• _Material supplied_
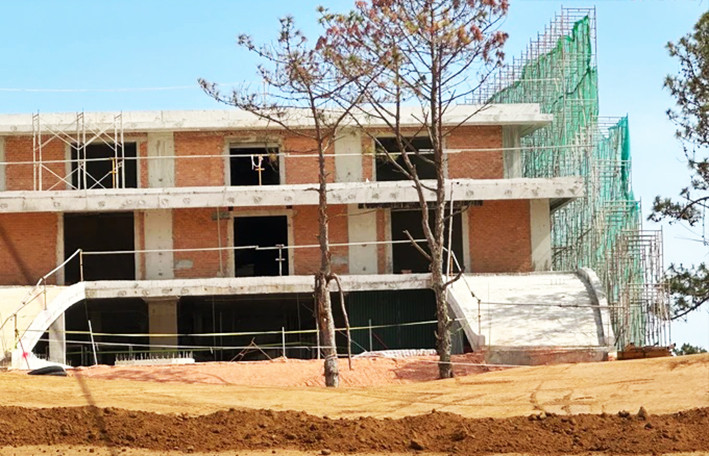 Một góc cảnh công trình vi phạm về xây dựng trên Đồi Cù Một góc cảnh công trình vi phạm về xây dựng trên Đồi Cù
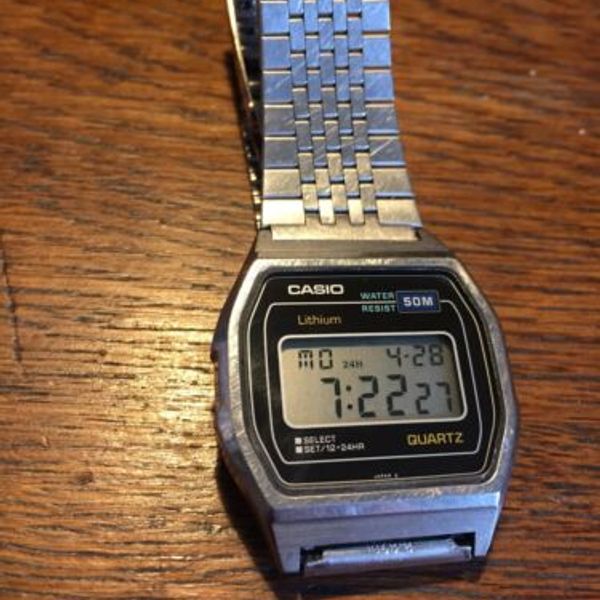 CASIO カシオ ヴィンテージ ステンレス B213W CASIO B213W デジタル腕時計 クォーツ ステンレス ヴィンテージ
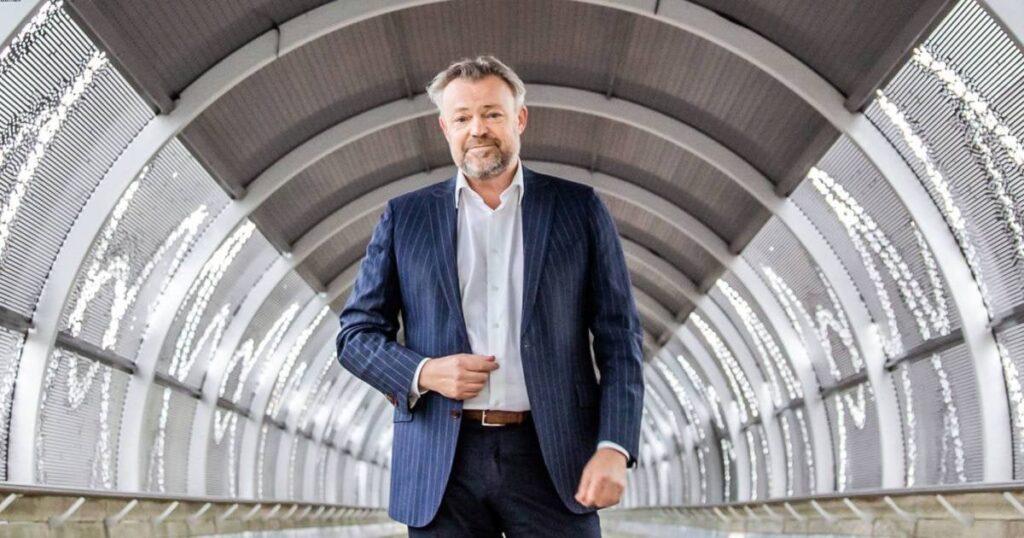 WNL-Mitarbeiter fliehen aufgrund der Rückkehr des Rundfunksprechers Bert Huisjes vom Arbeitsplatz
...
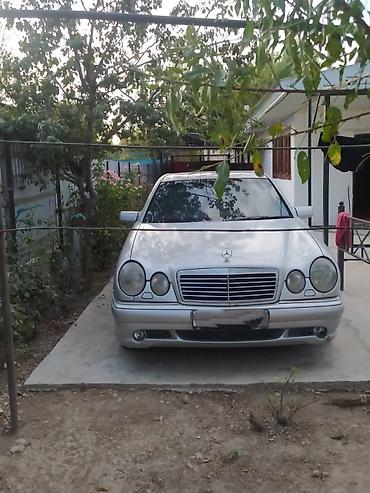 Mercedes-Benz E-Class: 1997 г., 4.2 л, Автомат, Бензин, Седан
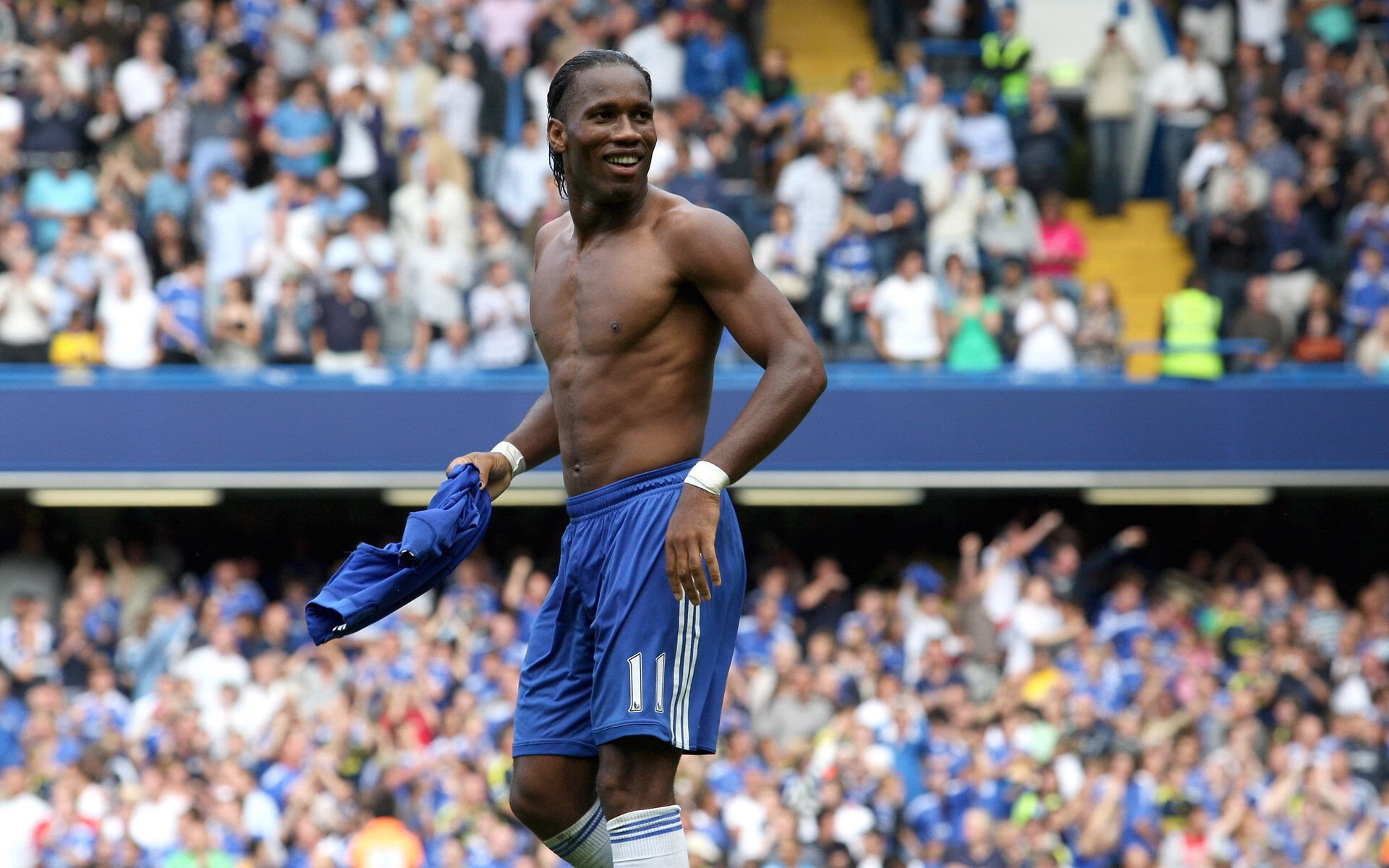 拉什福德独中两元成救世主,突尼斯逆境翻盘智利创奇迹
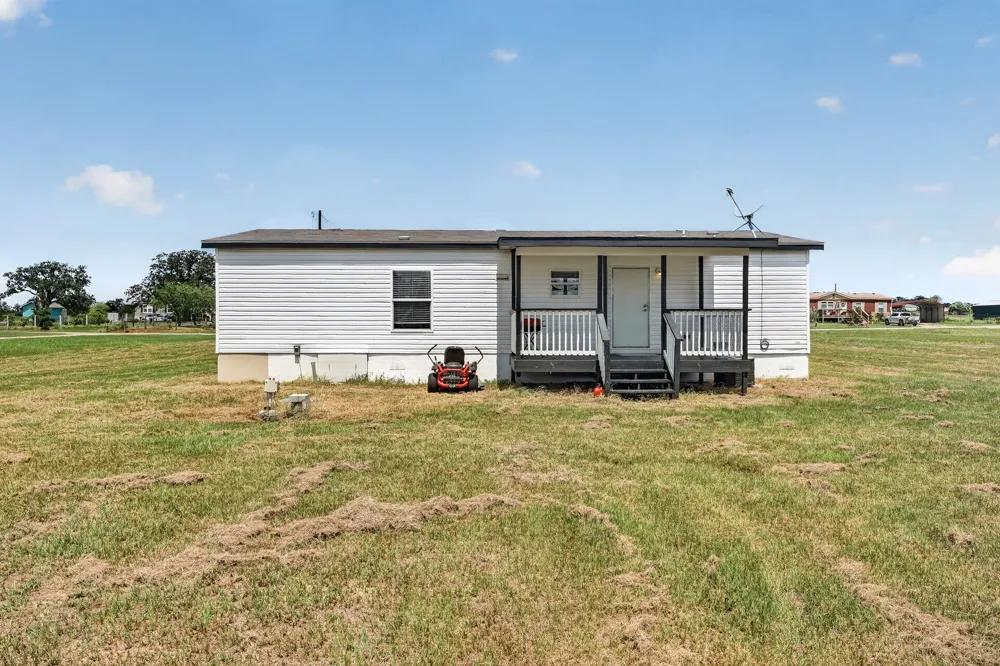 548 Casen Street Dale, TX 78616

• _What to work on_
Using the entries above, reproduce word for word only the lines from the one that contains "trên Đồi Cù Một" to the one that contains "WNL-Mitarbeiter fliehen aufgrund", both ends included, and drop every picture.

• _Result below_
 Một góc cảnh công trình vi phạm về xây dựng trên Đồi Cù Một góc cảnh công trình vi phạm về xây dựng trên Đồi Cù
 CASIO カシオ ヴィンテージ ステンレス B213W CASIO B213W デジタル腕時計 クォーツ ステンレス ヴィンテージ
 WNL-Mitarbeiter fliehen aufgrund der Rückkehr des Rundfunksprechers Bert Huisjes vom Arbeitsplatz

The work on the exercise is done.